I most poignantly noted the dogs’ perception of beauty on a trip to the Grand Canyon that was, in essence, a recreation of a trip I had taken when I was 4 years old.
What is special about family trips of this kind is that it wasn’t so much the Grand Canyon that stuck in my mind but images of driving through a part of the Navajo Nation in Arizona and a pick-up truck that was kicking up a huge dust-devil along the horizon. I don’t know why, but this impression has stayed with me for some thirty years. Looking back at it, the moment was a childhood epiphany, one of those bubbles in time in which everything stood still and I comprehended something about the world and my position in it. I realized that life on the reservation was nothing like my life in white suburbia. It hit me harder than the sight of the Grand Canyon. Like the smell of the desert rocks after the first few drops of a thunderstorm, there was nothing like that back in my neighborhood in the San Francisco Bay Area, and it indelibly marked my existence, making me a traveler of the sort that likes to shift consciousness in exploration of a world outside myself.

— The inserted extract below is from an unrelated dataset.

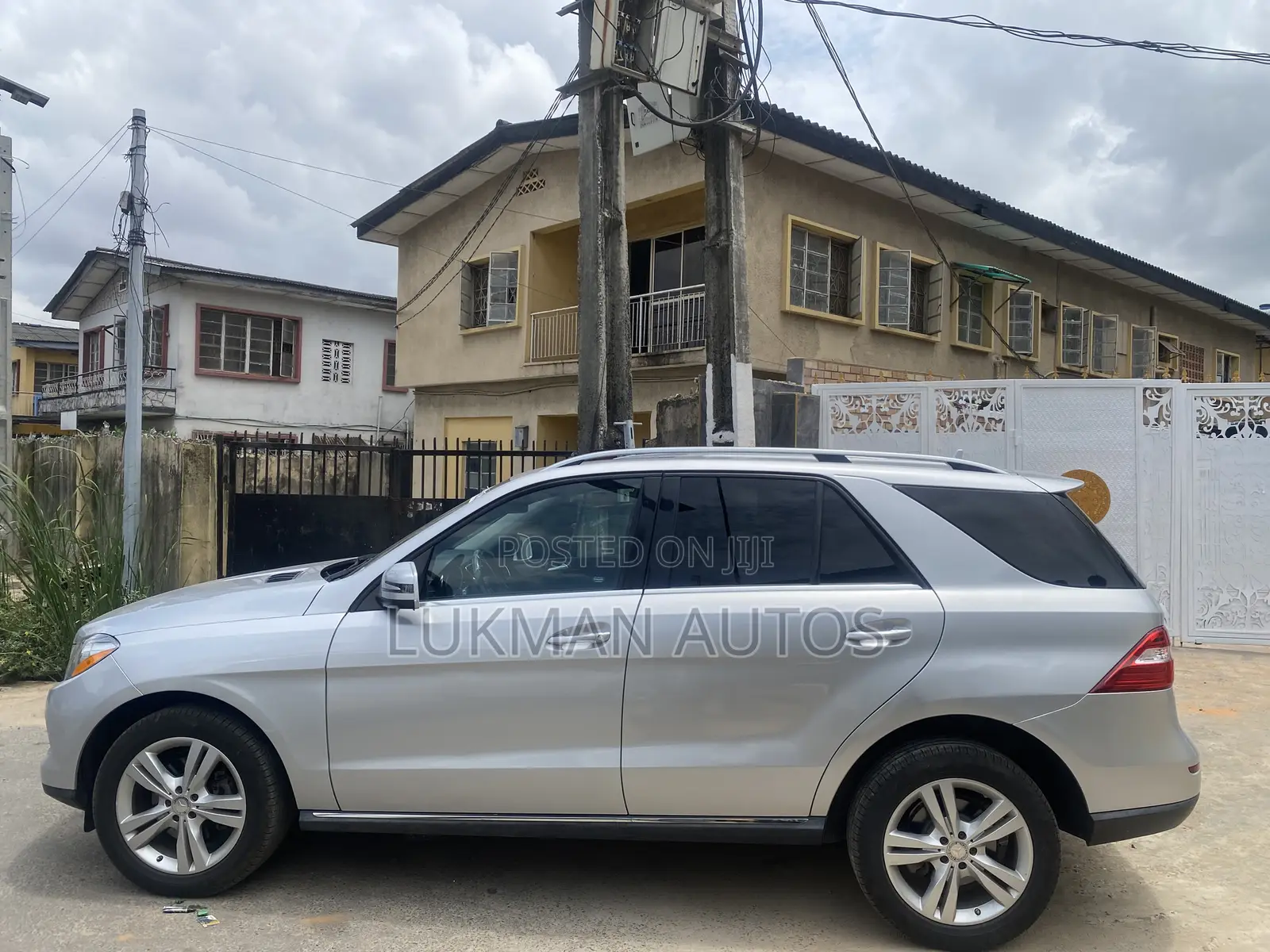 Mercedes-Benz M Class ML350 4MATIC 4dr SUV AWD (3.5L 6cyl 7A) 2014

Some thirty years later, I re-visited the strange state of Arizona with Mar and Lu and Kirsten, who still wasn’t my wife, and we couldn’t resist the urge to have a peek at the canyon. Once again, it wasn’t the canyon that got me but the sweeping, desolate landscape at a random pit stop we made along the way.

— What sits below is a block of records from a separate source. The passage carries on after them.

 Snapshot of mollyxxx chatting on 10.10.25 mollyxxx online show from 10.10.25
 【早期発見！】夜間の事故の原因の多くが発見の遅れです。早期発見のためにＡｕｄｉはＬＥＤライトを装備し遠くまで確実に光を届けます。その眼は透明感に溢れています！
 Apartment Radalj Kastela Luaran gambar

Once in the national park, after paying the twenty-five dollars for a quick view, I remember Marcos and Lupe looking over the rails, totally mesmerized. The swirling vortices of smells sweeping up the canyon walls into their nostrils had the dogs temporarily dazed and overwhelmed. Clouds started filling the huge hole in the ground, my duster began flapping violently with the huge gusts of cold wind, and before we knew it, we were stuck in an Arizona springtime blizzard.

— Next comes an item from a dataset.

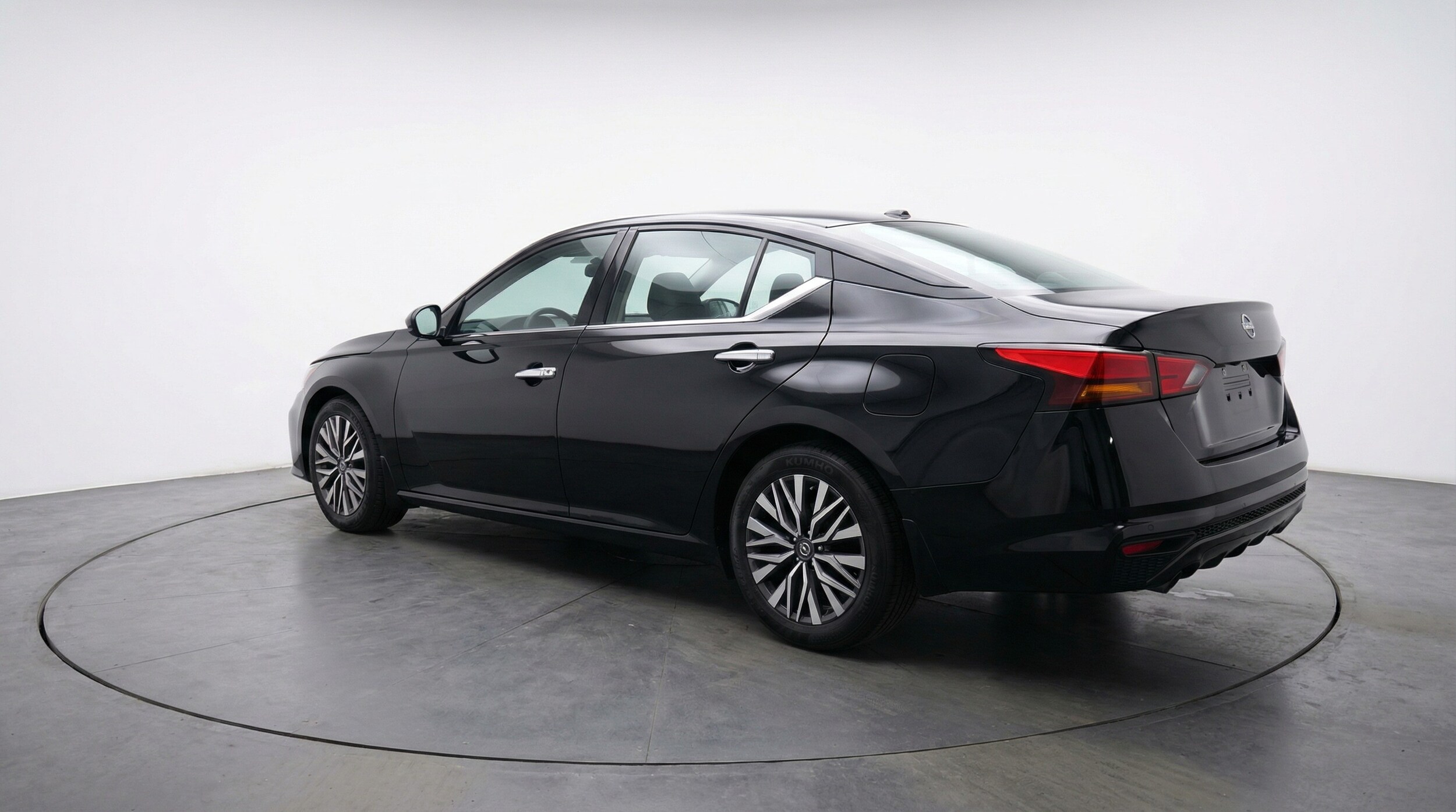 Thumbnail: 2025 Nissan Altima - 5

The four of us jumped into the car, the dogs did not hesitate with the cold snow stuck in their coats. I drove wide-eyed down the highway, just barely able to see the tail lights of the car not too far ahead of us. We were going slow, inching our way through what was starting to become a whiteout. Several hours of driving very slowly down the road, we found a kitsch diner with lots of Route 66 memorabilia. My insides were still chilled and our eyes tired from watching the road. It took a big bowl of chili and a burger to start a long thawing process. Finally the sky opened up and we continued down the road. And it was this adventure and the big, sweeping landscapes we saw in our approach to the canyon that I remember more than the canyon itself.
I was made aware of the dogs’ perception of beauty when they were peering over the canyon’s walls. Intrigued and bedazzled by the immensity of the gaping hole in the middle of the desert, I could see that they knew that what they were seeing was grandiose, on a scale that they had never seen before. The approach, the long, open desert road heading to the canyon gave them perspective. When we left, they could feel the spirit of adventure driving out into a blizzard. I could feel their adrenaline. And I knew that they appreciated the beauty of their visit to the Grand Canyon.